[Records excerpted from a collection]
============================================================

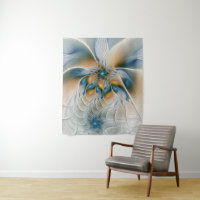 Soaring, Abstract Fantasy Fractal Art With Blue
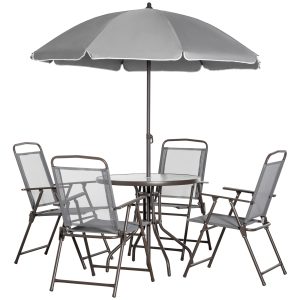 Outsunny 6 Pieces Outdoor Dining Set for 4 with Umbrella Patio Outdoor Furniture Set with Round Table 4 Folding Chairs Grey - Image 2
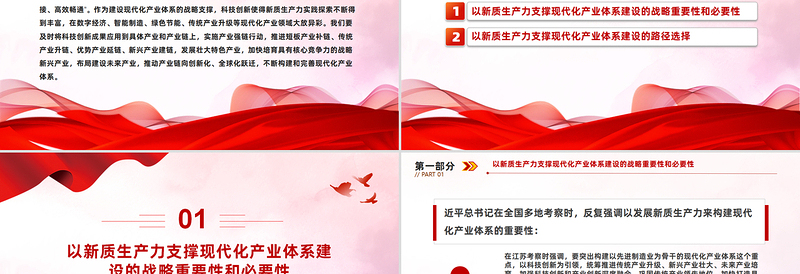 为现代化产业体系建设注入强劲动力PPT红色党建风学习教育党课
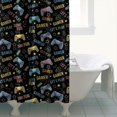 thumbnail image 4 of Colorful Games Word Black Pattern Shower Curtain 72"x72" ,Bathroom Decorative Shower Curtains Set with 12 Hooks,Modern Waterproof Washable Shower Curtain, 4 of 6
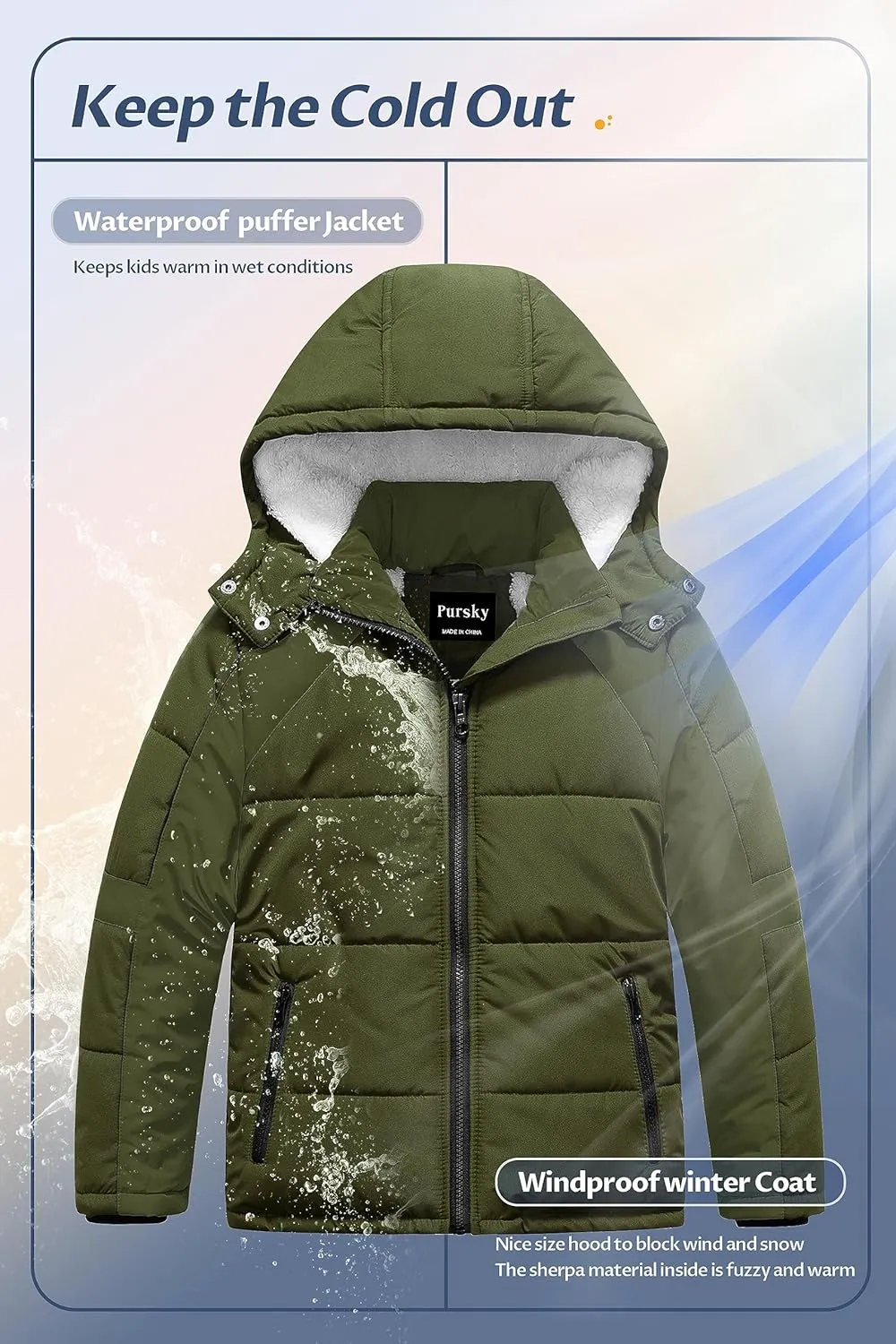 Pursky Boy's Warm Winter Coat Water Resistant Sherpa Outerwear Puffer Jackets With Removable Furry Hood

============================================================

Omit the pictures. Output every record above word for word.

 Soaring, Abstract Fantasy Fractal Art With Blue
 Outsunny 6 Pieces Outdoor Dining Set for 4 with Umbrella Patio Outdoor Furniture Set with Round Table 4 Folding Chairs Grey - Image 2
 为现代化产业体系建设注入强劲动力PPT红色党建风学习教育党课
 thumbnail image 4 of Colorful Games Word Black Pattern Shower Curtain 72"x72" ,Bathroom Decorative Shower Curtains Set with 12 Hooks,Modern Waterproof Washable Shower Curtain, 4 of 6
 Pursky Boy's Warm Winter Coat Water Resistant Sherpa Outerwear Puffer Jackets With Removable Furry Hood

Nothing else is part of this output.